Weeks 5 and 6 tips and FAQs

FAQs
Posted

Thursday October 10, 2024 at 1:22 PM

Hi everyone!

I’m really happy with how you all did with exercises 5 and 6 (you made some legitimately hideous plots!).

I got a lot of similar questions and I saw some common issues in the assignments, so like normal, I’ve compiled them all here. Enjoy!

Installing vs. using packages

One thing that trips often trips people up is the difference between installing and loading a package.

The best analogy I’ve found for this is to think about your phone. When you install an app on your phone, you only do it once. When you want to use that app, you tap on the icon to open it. Install once, use multiple times.

The same thing happens with R. If you look at the Packages panel in RStudio, you’ll see a list of all the different packages installed on your computer. But just because a package is installed doesn’t mean you can automatically start using it—you have to load it in your R session using library(nameofthepackage). Install once, use multiple times.

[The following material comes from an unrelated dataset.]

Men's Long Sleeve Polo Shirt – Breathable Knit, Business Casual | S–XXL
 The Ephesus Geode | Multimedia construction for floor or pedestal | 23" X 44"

Every time you restart RStudio and every time you render a Quarto document, R starts with no packages loaded. You’re responsible for loading those in your document. That’s why the beginning of every document typically has a bunch of library() lines, like this:

library(tidyverse)
library(scales)
library(gapminder)

As mentioned in this earlier list of tips, make sure you don’t include code to install packages in your Quarto files. Like, don’t include install.packages("ggtext") or whatever. If you do, R will reinstall that package every time you render your document, which is excessive. All you need to do is load the package with library()

To help myself remember to not include package installation code in my document, I make an effort to either install packages with my mouse by clicking on the “Install” button in the Packages panel in RStudio, or only ever typing (or copying/pasting) code like install.packages("whatever") directly in the R console and never putting it in a chunk.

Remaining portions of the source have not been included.